Your reply should hold the line containing "Kia Stinger Meister id 3401071 из Кореи 8" and every later line of the records, reproduced exactly, and no other lines.

### Collected data entries
=== Section Start ===

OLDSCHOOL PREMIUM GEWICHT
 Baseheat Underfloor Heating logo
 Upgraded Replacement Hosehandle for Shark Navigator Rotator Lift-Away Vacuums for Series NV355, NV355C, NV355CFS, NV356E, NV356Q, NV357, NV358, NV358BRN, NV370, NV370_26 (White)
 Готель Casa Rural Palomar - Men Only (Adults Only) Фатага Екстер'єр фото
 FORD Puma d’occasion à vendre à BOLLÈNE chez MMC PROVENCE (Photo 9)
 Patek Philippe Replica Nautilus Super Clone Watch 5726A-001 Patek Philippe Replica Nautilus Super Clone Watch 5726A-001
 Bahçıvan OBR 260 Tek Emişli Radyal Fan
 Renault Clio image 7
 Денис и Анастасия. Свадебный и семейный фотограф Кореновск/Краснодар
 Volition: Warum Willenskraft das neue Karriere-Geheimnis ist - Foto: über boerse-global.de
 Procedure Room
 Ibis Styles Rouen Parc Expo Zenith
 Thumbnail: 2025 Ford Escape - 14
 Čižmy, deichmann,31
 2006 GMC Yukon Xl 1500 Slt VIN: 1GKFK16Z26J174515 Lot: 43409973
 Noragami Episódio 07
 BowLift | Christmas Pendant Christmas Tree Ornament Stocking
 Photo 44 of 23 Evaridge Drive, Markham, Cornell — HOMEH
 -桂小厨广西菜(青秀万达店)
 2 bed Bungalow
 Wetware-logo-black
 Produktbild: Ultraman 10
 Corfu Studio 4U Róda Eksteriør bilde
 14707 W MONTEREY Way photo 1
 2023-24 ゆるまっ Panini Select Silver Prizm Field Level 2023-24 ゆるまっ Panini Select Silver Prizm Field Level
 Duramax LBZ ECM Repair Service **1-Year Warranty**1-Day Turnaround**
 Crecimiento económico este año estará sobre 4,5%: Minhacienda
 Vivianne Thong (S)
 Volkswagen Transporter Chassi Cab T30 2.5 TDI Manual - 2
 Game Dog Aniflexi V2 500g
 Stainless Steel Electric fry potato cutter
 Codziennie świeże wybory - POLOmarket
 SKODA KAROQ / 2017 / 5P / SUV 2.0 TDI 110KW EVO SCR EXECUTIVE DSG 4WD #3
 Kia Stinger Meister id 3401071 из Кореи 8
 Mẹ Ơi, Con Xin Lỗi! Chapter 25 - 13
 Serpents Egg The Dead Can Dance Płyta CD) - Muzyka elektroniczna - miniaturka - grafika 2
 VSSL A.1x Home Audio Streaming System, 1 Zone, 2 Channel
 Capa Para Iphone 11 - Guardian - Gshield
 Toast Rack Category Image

=== Section End ===

### THE ANSWER
 Kia Stinger Meister id 3401071 из Кореи 8
 Mẹ Ơi, Con Xin Lỗi! Chapter 25 - 13
 Serpents Egg The Dead Can Dance Płyta CD) - Muzyka elektroniczna - miniaturka - grafika 2
 VSSL A.1x Home Audio Streaming System, 1 Zone, 2 Channel
 Capa Para Iphone 11 - Guardian - Gshield
 Toast Rack Category Image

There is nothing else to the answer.